Employee Assessment Problems

Because a group functions as a unit and has joint effort, it may be challenging for managers and supervisors to evaluate the strengths and weaknesses of individual team members. If a team succeeds, it may not be immediately apparent why and how they achieved success. Who in the team put in the greatest time and effort? Who in the group paid the most attention to details? Which members of the team were largely responsible for keeping the group on track and delegating tasks? Understanding why a project succeeds is advantageous. If the team does not preserve detailed records on their process and the roles of each member, it may be difficult to replicate a successful outcome with a different team in the future.

Communication Breakdowns

For a team to be effective, everyone has to have above-average communication skills. Communication difficulties in the workplace might result in a loss of trust and a decline in output. Too often, team members fail to effectively communicate critical information. It is just as simple to misunderstand a teammate’s comments as it is an individual’s, especially if the group communicates electronically via email, task management, or a coworking application.


A team consists of more individuals who work together to achieve a common objective. Teamwork necessitates breaking down tasks into digestible portions so that everyone can participate.

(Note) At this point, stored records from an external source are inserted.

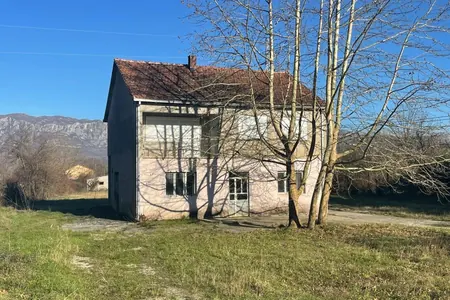 Дом площадью 208 м2 на участке 3700 м2, Даниловград. Хвостик.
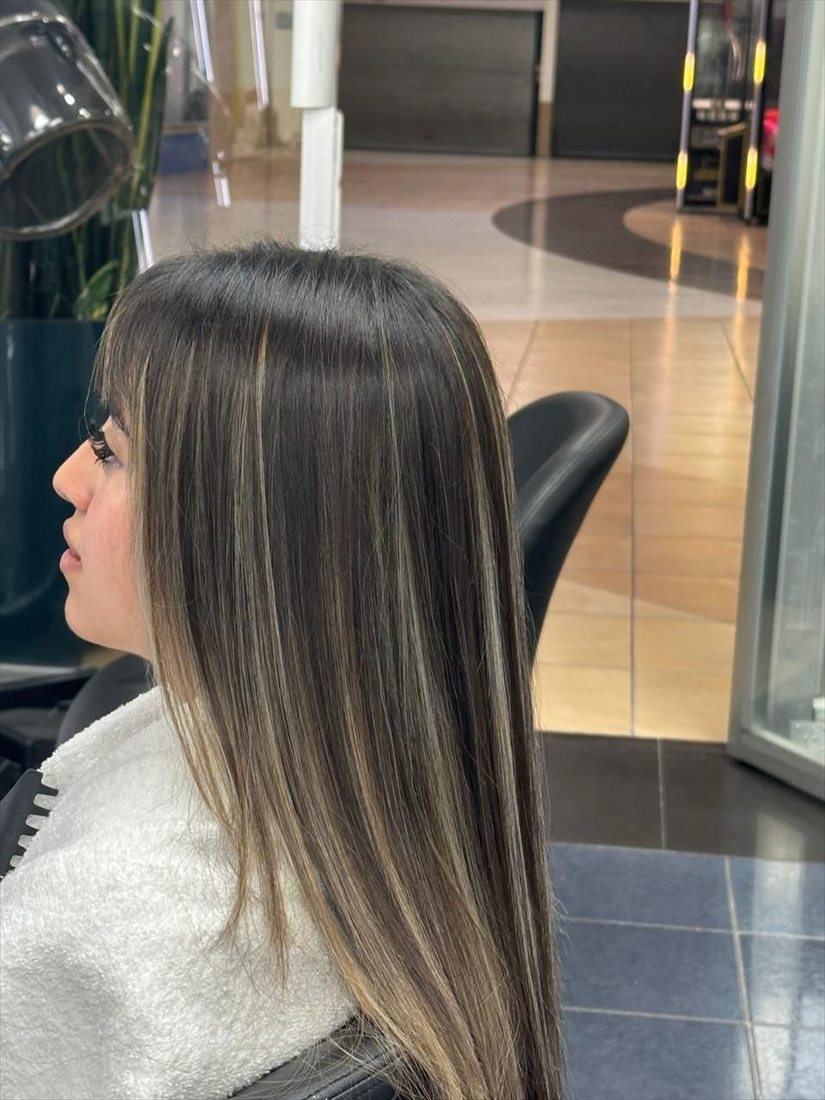 Balayage liso con reflejos en Liora Beauty Salon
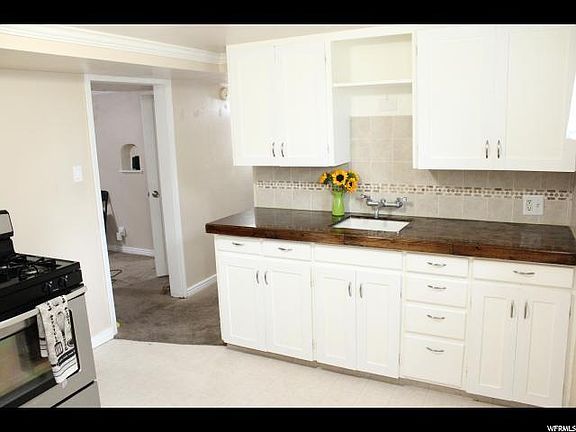 Kitchen Counter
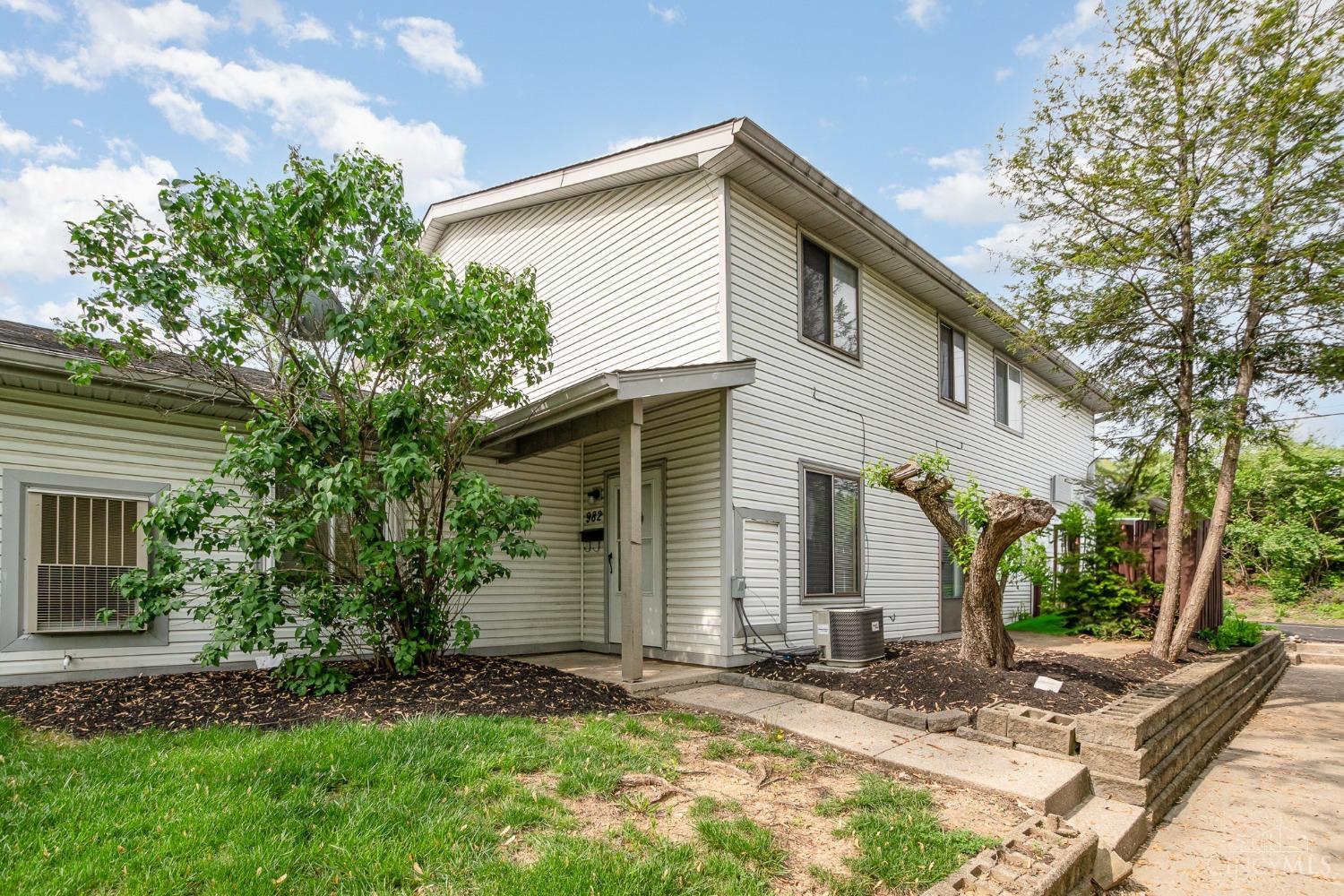 982 E Crescentville Road, West Chester, Ohio image 1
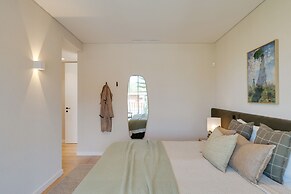 Cascais Contemporary Villa by Cadenzalux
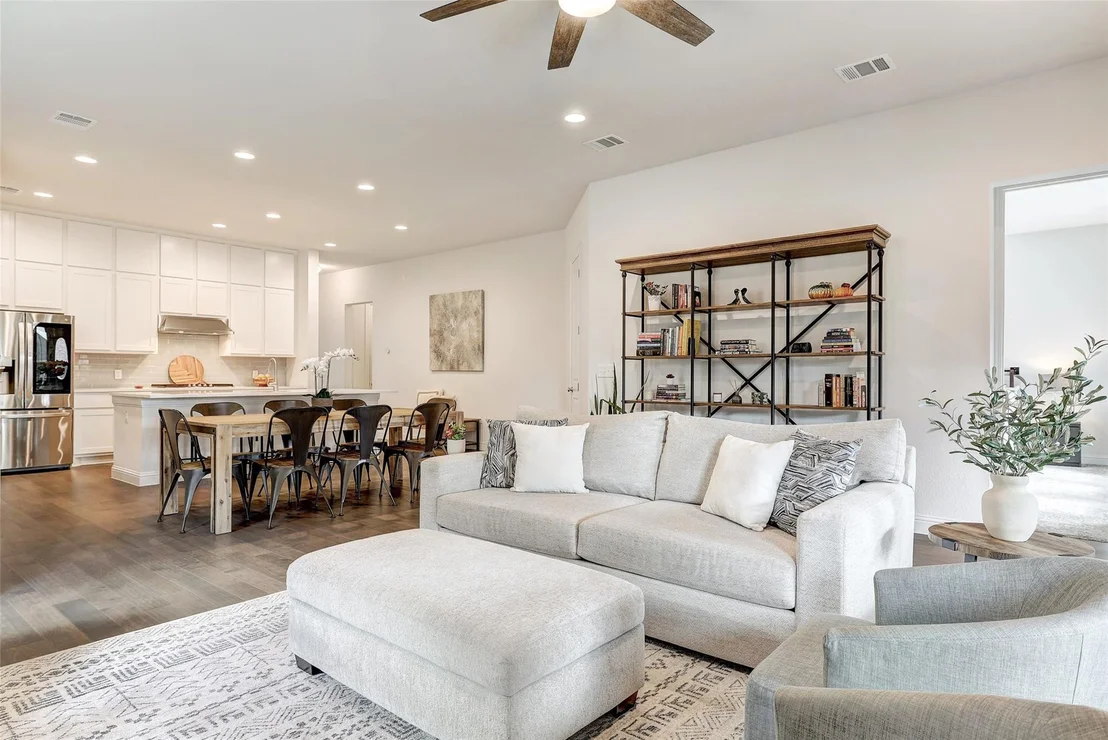Photo of 2708 Brushwood Meadow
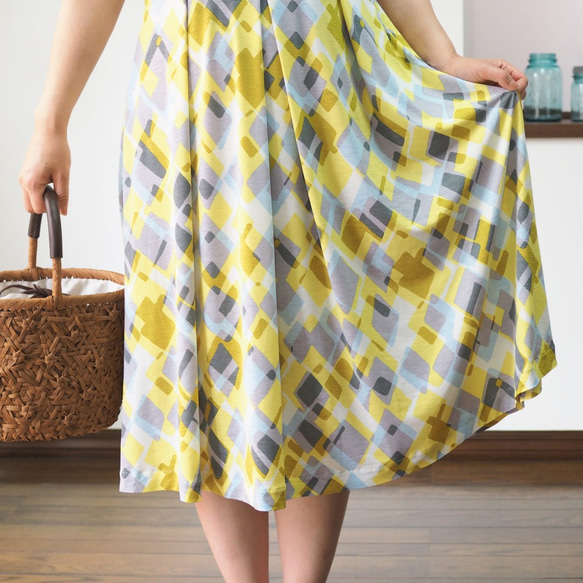 [XS-LL定制生產]阿米甚人風格的簡單連衣裙◇黃色和灰色的菱形圖案（薄面料） 第6張的照片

Inadequate staff collaboration has a long-term impact on a company’s success, which explains why firms are falling behind in the contemporary day. As a result, the organization’s limited resources are depleted, and its growth over the long term is restricted by collaboration restrictions. Employees are empowered and the benefits of collaborative work are reinforced when they operate as a team. Teamwork also helps individuals understand the need of cooperation and how the organization works, as well as develop a culture of effective teamwork. Without collaboration, construction takes longer, governments fail, businesses lose market share, and people lose drive Teams have surpassed people as the most important pillars of business, and the French language reflects this evolution. Besides great achievement teamwork may also turn disastrous to an organization if not properly managed for instance there might be communication breakdown between teams and management, challenges in assessing the strength of each individual employee, blame games incase of failure and personality clashes.